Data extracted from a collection

▬▬▬▬▬▬

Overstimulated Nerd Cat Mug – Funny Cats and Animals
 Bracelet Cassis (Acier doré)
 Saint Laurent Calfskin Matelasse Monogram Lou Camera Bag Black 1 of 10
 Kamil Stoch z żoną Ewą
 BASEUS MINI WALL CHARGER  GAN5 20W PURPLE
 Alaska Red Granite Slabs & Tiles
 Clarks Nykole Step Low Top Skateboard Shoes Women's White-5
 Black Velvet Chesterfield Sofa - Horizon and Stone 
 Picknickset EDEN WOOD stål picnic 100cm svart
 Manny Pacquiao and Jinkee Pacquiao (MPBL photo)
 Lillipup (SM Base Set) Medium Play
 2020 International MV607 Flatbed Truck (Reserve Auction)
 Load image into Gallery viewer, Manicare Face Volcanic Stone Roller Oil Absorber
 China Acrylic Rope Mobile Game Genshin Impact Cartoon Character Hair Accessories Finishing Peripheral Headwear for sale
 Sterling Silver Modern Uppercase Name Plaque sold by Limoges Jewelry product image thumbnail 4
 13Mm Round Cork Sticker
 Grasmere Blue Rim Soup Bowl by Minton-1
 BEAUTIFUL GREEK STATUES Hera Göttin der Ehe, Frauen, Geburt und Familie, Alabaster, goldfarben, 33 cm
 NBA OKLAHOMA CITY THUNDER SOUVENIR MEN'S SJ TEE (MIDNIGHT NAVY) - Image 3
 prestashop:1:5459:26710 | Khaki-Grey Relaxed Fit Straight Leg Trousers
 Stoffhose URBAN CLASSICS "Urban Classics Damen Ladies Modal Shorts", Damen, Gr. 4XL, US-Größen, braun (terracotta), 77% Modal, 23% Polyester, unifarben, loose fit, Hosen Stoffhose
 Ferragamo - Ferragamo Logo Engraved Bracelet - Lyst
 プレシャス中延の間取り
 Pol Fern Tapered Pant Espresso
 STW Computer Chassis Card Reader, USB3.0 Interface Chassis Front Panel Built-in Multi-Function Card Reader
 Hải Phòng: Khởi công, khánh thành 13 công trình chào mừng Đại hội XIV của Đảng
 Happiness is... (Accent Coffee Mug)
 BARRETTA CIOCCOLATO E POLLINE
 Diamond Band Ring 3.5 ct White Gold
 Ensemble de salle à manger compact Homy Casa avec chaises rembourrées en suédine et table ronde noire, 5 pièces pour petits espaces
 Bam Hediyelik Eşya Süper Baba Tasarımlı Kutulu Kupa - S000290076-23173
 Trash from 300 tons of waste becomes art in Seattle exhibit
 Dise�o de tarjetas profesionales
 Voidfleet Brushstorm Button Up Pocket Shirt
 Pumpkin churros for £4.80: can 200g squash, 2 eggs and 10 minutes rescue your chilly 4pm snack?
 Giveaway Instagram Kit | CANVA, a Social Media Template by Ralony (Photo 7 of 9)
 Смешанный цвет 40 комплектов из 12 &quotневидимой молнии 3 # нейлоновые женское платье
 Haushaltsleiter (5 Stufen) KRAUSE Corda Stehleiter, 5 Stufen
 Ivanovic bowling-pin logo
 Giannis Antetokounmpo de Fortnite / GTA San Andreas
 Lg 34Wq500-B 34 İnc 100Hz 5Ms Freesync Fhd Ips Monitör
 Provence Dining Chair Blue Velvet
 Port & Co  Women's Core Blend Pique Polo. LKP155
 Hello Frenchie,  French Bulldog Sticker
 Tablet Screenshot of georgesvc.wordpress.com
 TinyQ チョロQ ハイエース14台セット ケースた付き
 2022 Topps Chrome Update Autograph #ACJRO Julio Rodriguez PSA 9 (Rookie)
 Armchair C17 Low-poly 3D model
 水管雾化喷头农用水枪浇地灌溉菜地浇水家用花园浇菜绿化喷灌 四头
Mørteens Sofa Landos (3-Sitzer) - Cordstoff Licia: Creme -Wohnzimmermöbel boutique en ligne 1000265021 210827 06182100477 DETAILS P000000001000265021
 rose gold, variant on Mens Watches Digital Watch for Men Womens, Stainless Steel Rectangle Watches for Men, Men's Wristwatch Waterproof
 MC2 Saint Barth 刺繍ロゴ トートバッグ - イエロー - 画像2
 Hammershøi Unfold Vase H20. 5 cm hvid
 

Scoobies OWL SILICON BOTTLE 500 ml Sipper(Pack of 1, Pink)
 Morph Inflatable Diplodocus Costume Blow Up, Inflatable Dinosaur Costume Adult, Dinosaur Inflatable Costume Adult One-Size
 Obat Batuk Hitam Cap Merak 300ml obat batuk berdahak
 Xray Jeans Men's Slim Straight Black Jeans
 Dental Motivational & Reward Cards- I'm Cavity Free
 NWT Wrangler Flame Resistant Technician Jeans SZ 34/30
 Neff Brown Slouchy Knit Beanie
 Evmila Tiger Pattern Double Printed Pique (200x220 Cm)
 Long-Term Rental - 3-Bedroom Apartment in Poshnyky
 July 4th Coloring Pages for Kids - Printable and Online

▬▬▬▬▬▬

**Required work:** Return every record exactly as it was given.

**Task answer:**
Overstimulated Nerd Cat Mug – Funny Cats and Animals
 Bracelet Cassis (Acier doré)
 Saint Laurent Calfskin Matelasse Monogram Lou Camera Bag Black 1 of 10
 Kamil Stoch z żoną Ewą
 BASEUS MINI WALL CHARGER  GAN5 20W PURPLE
 Alaska Red Granite Slabs & Tiles
 Clarks Nykole Step Low Top Skateboard Shoes Women's White-5
 Black Velvet Chesterfield Sofa - Horizon and Stone 
 Picknickset EDEN WOOD stål picnic 100cm svart
 Manny Pacquiao and Jinkee Pacquiao (MPBL photo)
 Lillipup (SM Base Set) Medium Play
 2020 International MV607 Flatbed Truck (Reserve Auction)
 Load image into Gallery viewer, Manicare Face Volcanic Stone Roller Oil Absorber
 China Acrylic Rope Mobile Game Genshin Impact Cartoon Character Hair Accessories Finishing Peripheral Headwear for sale
 Sterling Silver Modern Uppercase Name Plaque sold by Limoges Jewelry product image thumbnail 4
 13Mm Round Cork Sticker
 Grasmere Blue Rim Soup Bowl by Minton-1
 BEAUTIFUL GREEK STATUES Hera Göttin der Ehe, Frauen, Geburt und Familie, Alabaster, goldfarben, 33 cm
 NBA OKLAHOMA CITY THUNDER SOUVENIR MEN'S SJ TEE (MIDNIGHT NAVY) - Image 3
 prestashop:1:5459:26710 | Khaki-Grey Relaxed Fit Straight Leg Trousers
 Stoffhose URBAN CLASSICS "Urban Classics Damen Ladies Modal Shorts", Damen, Gr. 4XL, US-Größen, braun (terracotta), 77% Modal, 23% Polyester, unifarben, loose fit, Hosen Stoffhose
 Ferragamo - Ferragamo Logo Engraved Bracelet - Lyst
 プレシャス中延の間取り
 Pol Fern Tapered Pant Espresso
 STW Computer Chassis Card Reader, USB3.0 Interface Chassis Front Panel Built-in Multi-Function Card Reader
 Hải Phòng: Khởi công, khánh thành 13 công trình chào mừng Đại hội XIV của Đảng
 Happiness is... (Accent Coffee Mug)
 BARRETTA CIOCCOLATO E POLLINE
 Diamond Band Ring 3.5 ct White Gold
 Ensemble de salle à manger compact Homy Casa avec chaises rembourrées en suédine et table ronde noire, 5 pièces pour petits espaces
 Bam Hediyelik Eşya Süper Baba Tasarımlı Kutulu Kupa - S000290076-23173
 Trash from 300 tons of waste becomes art in Seattle exhibit
 Dise�o de tarjetas profesionales
 Voidfleet Brushstorm Button Up Pocket Shirt
 Pumpkin churros for £4.80: can 200g squash, 2 eggs and 10 minutes rescue your chilly 4pm snack?
 Giveaway Instagram Kit | CANVA, a Social Media Template by Ralony (Photo 7 of 9)
 Смешанный цвет 40 комплектов из 12 &quotневидимой молнии 3 # нейлоновые женское платье
 Haushaltsleiter (5 Stufen) KRAUSE Corda Stehleiter, 5 Stufen
 Ivanovic bowling-pin logo
 Giannis Antetokounmpo de Fortnite / GTA San Andreas
 Lg 34Wq500-B 34 İnc 100Hz 5Ms Freesync Fhd Ips Monitör
 Provence Dining Chair Blue Velvet
 Port & Co  Women's Core Blend Pique Polo. LKP155
 Hello Frenchie,  French Bulldog Sticker
 Tablet Screenshot of georgesvc.wordpress.com
 TinyQ チョロQ ハイエース14台セット ケースた付き
 2022 Topps Chrome Update Autograph #ACJRO Julio Rodriguez PSA 9 (Rookie)
 Armchair C17 Low-poly 3D model
 水管雾化喷头农用水枪浇地灌溉菜地浇水家用花园浇菜绿化喷灌 四头
Mørteens Sofa Landos (3-Sitzer) - Cordstoff Licia: Creme -Wohnzimmermöbel boutique en ligne 1000265021 210827 06182100477 DETAILS P000000001000265021
 rose gold, variant on Mens Watches Digital Watch for Men Womens, Stainless Steel Rectangle Watches for Men, Men's Wristwatch Waterproof
 MC2 Saint Barth 刺繍ロゴ トートバッグ - イエロー - 画像2
 Hammershøi Unfold Vase H20. 5 cm hvid
 

Scoobies OWL SILICON BOTTLE 500 ml Sipper(Pack of 1, Pink)
 Morph Inflatable Diplodocus Costume Blow Up, Inflatable Dinosaur Costume Adult, Dinosaur Inflatable Costume Adult One-Size
 Obat Batuk Hitam Cap Merak 300ml obat batuk berdahak
 Xray Jeans Men's Slim Straight Black Jeans
 Dental Motivational & Reward Cards- I'm Cavity Free
 NWT Wrangler Flame Resistant Technician Jeans SZ 34/30
 Neff Brown Slouchy Knit Beanie
 Evmila Tiger Pattern Double Printed Pique (200x220 Cm)
 Long-Term Rental - 3-Bedroom Apartment in Poshnyky
 July 4th Coloring Pages for Kids - Printable and Online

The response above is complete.